Continuing knowledge, skills, and practice update through continuing education, which then becomes the lever of society and the recipe for a successful future. This chapter aims to initiate a discussion about the concepts of knowledge societies, globalization, and their perceptions and impact on knowledge management in relation to the Brazilian educational reality. From a theoretical-methodological perspective, continuing education is considered as a key element that can sustain knowledge management and foster knowledge societies. This question is the reason why this intensity of the offer of continuing education nowadays becomes pertinent, as well as to look at how the knowledge societies have seduced people to consume more and more knowledge. The conclusions raise the question of how societies of knowledge have become a contemporary imperative, justified by the acceleration of time in different spaces and driven by globalization. As knowledge management has contributed to this movement, it is necessary for professionals to be more flexible and resourceful, as well as about what can happen to the individuals who cannot keep up with the demands of the market and become disposable in society.
TopContinuing Education And Knowledge Societies
Continuing knowledge, skills and practice upgrade through continuing education is the lever of society and the recipe for a successful future. According to Camozzato and Costa (2013), “it is possible to assume we are dealing with subjectivities that seek constant upgrades to meet the social demands of current times” (p. 10). Its importance is linked to the subjects’ possibility to constantly recreate themselves, which is an indispensable demand to compete in the market and acquire values and behavior required for human coexistence.
In the general sense of the volume Learn to Be, continuing education means understanding the relevant idea of preparing people to live in their time and follow changes in the world and labor. It is important to consider that the ideas of living and preparing yourself for your time, of being a responsible person, a citizen who can understand the constant changes in the world and, therefore, should be reading, studying and getting up-to-date are the focus of Faure’s report (1972). Clearly, it does not have the same connotation that continuing education has today.
The concept of continuing education arose and strengthened itself with the ideas aforementioned. However, from the most recent changes in contemporary societies, it began increasingly to take shape and approach the idea that Robertson (2003) refers to as “knowledge society”, in which the characteristics of competition and competitiveness prevail and permeate education as a whole.

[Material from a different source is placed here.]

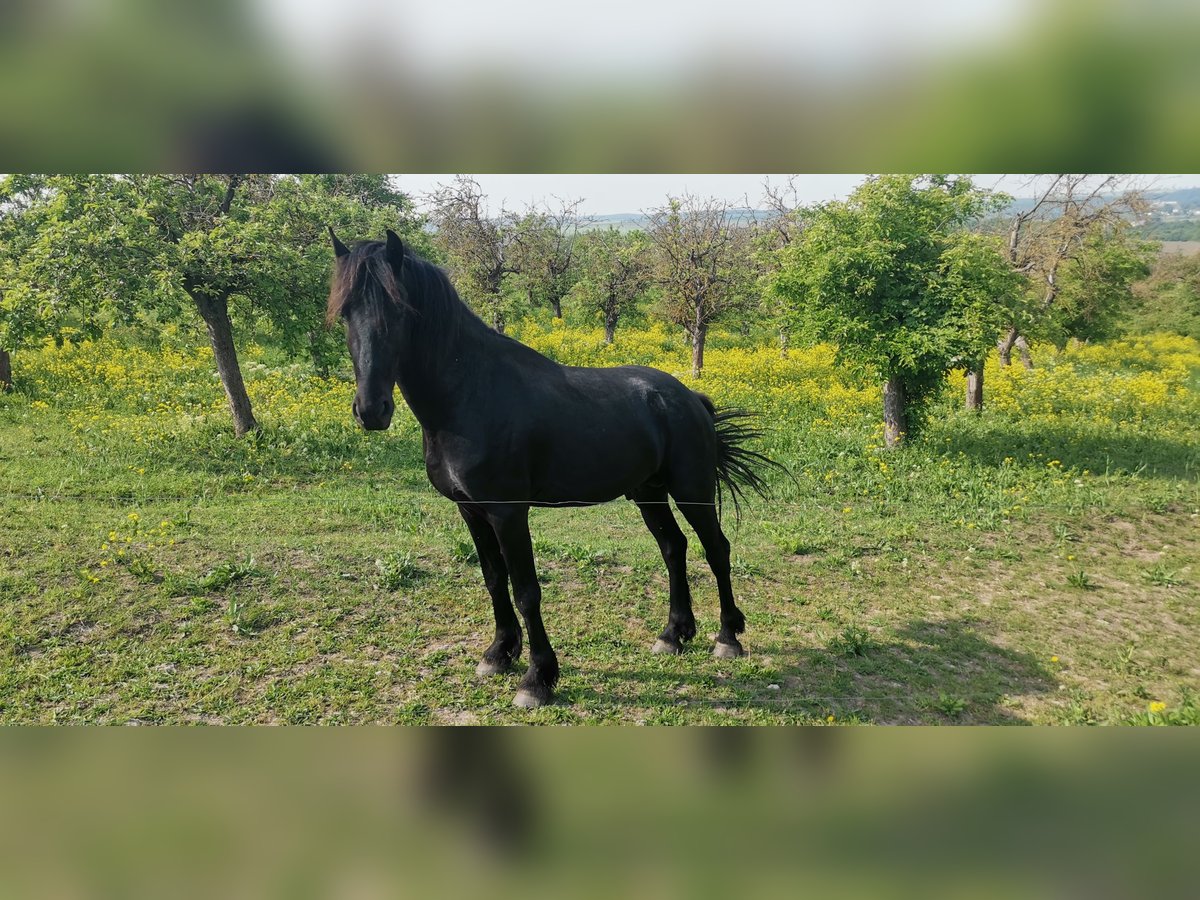 Fries paard Hengst 3 Jaar 161 cm Zwart in Burgscheidungen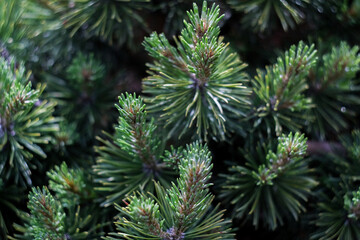 Christmas green tree’s branches close up, macro shot, selective focus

The desire to be accepted by society is what drives individuals to pursue continuing education and this relates to the general meaning of knowledge economy, in which the culture of consumption is present and has qualified all fields of life. The acquisition of different kinds of knowledge and practices of all types incorporate into subjectivities some attributes, which make them more valuable in varied spheres of life and causes the commodification of people that Bauman mentions (2008a).